Using the records below, count the lines containing "beautiful" and give only the total.

Stored data entries:
• • • • • • •

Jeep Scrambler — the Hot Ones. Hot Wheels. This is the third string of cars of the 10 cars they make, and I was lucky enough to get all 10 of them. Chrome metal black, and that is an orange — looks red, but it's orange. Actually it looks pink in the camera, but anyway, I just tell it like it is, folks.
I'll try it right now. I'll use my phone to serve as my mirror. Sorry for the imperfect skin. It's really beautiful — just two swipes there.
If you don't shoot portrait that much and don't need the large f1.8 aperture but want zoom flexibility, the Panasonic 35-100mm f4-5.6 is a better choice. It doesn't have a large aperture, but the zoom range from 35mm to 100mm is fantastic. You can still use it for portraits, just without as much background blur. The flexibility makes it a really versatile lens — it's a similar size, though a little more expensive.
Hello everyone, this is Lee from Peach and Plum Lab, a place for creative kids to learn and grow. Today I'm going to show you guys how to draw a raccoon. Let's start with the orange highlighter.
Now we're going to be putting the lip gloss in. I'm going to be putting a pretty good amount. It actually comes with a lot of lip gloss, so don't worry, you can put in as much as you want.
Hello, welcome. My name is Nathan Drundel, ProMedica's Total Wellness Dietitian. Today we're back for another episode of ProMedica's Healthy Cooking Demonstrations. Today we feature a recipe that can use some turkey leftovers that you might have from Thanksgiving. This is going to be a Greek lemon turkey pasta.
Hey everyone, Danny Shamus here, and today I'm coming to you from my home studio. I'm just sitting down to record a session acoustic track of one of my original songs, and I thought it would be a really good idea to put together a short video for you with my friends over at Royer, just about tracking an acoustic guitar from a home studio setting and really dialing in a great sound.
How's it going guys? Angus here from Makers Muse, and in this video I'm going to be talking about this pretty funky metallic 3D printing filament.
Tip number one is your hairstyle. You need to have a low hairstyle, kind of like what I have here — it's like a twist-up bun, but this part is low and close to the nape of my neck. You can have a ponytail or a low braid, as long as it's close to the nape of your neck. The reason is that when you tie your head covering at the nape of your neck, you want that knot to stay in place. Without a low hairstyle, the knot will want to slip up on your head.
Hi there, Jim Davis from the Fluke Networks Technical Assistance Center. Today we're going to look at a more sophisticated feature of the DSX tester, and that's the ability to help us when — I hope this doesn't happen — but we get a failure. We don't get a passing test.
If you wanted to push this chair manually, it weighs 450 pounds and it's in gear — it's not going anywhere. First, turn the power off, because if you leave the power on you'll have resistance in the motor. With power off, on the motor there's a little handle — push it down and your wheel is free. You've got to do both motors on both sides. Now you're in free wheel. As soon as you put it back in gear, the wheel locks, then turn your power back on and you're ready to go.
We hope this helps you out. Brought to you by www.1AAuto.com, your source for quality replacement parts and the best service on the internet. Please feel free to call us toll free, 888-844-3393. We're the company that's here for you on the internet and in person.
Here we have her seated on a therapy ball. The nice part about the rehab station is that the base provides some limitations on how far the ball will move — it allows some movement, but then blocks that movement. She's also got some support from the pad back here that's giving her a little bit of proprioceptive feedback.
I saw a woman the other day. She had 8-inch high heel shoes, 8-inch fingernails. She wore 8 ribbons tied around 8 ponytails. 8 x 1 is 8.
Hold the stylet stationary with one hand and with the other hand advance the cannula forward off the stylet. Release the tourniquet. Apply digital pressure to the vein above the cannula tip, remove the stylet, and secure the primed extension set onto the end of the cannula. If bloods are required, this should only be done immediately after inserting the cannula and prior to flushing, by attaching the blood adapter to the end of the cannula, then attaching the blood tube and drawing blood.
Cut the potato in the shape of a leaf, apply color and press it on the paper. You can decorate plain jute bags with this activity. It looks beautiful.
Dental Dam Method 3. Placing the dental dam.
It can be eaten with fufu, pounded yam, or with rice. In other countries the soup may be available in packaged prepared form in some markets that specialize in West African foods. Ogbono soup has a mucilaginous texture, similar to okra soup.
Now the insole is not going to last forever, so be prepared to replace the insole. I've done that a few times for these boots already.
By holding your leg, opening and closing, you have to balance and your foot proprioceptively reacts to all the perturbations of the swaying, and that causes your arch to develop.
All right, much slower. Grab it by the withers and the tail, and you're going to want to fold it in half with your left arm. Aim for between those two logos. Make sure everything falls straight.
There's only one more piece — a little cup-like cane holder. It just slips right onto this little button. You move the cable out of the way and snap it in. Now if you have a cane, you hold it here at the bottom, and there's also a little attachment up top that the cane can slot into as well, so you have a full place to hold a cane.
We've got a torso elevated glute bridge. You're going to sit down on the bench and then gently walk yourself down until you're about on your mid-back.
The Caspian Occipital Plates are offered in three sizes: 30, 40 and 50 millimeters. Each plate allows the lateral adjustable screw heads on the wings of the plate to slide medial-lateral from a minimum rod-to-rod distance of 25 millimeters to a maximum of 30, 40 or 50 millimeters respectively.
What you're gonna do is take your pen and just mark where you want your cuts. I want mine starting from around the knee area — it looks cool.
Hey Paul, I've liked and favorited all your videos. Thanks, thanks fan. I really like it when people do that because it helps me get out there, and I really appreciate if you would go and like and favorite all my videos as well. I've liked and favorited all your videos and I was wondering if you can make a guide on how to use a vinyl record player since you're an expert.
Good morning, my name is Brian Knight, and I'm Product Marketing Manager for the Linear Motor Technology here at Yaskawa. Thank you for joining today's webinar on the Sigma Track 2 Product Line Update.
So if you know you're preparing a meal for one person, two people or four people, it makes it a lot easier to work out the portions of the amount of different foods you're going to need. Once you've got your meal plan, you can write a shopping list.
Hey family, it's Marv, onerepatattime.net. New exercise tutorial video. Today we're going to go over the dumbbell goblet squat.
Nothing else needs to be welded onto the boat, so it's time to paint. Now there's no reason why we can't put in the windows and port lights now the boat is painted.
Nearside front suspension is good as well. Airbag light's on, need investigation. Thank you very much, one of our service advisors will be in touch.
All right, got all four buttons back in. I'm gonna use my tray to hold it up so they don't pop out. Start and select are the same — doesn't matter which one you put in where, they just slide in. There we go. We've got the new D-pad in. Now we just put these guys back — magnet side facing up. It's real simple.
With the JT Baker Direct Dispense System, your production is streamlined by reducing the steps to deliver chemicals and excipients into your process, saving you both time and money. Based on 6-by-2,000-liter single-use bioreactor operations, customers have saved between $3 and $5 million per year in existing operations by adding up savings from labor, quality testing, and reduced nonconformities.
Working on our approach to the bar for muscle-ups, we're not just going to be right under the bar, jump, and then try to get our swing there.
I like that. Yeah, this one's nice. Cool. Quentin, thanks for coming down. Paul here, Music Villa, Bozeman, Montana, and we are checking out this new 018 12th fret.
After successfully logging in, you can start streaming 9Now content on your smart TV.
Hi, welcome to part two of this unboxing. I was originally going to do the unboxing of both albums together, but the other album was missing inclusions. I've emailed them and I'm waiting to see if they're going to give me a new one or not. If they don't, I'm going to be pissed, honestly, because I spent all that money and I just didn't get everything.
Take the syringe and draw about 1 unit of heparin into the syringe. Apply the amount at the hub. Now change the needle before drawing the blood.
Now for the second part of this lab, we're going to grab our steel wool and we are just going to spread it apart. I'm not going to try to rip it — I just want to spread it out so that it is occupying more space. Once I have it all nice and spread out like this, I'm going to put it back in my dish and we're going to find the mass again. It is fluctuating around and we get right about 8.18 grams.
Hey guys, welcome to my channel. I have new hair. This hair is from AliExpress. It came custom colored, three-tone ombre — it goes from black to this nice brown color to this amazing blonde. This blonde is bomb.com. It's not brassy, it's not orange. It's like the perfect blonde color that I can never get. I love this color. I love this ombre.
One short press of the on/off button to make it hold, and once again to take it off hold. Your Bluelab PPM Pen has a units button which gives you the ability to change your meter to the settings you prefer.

• • • • • • •

Exercise response: 2